Terrorists in the Haqqani Network worked quickly after the US drone strike in Kabul to cover up that slain Al Qaeda leader Ayman al-Zawahiri had been living in the safe house, including evacuating his wife and children, an American administration official said.
An unmanned aerial vehicle launched two Hellfire missiles at a safe house in Kabul on Sunday, hitting al-Zawahiri when he stepped onto a balcony, Defense One reported citing the official as saying.
Family members in other parts of the safe house were not harmed, and there are no indications that any other civilians were hurt in the strike, the official added.
The official declined to say which agency conducted the strike, saying that it was a “team effort” by the American government.
The official said there were “zero” American personnel on the ground in Afghanistan during the operation, Defense One reported.
In a televised address to the nation on Monday, Biden confirmed that al-Zawahiri was killed in the drone strike, saying he had approved the attack on July 25 after meeting with senior cabinet members and advisors for a final briefing.
He said al-Zawahiri had “carved a trail of murder and violence against American citizens”.
“Now justice has been delivered and this terrorist leader is no more,” he added.
His killing will bring closure to families of the nearly 3,000 victims of the 2001 attacks, Biden added.
“No matter how long it takes, no matter where you hide, if you are a threat to our people, the US will find you and take you out… We shall never waver from defending our nation and its people”.
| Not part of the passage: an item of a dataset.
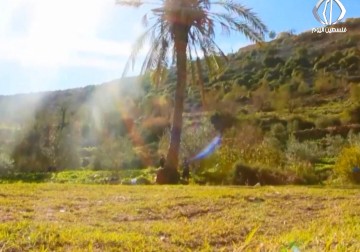 محمية وادي قانا في دير استيا أكبر محمية طبيعية في فلسطين - فاتن الصالح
Biden said al-Zawahiri had also masterminded other acts of violence, including the suicide bombing of the USS Cole naval destroyer in Aden in October 2000 which killed 17 US sailors, and the 1998 attacks on the US embassies in Kenya and Tanzania, in which 223 people died.
The strike against al-Zawahiri, who succeeded Osama bin Laden after the latter was killed by Navy SEALs in 2011, is the first major American military action in Afghanistan since the military withdrew last August.
The departure of Western troops raised concerns that the US government would struggle to conduct missions and collect intelligence from “over the horizon”.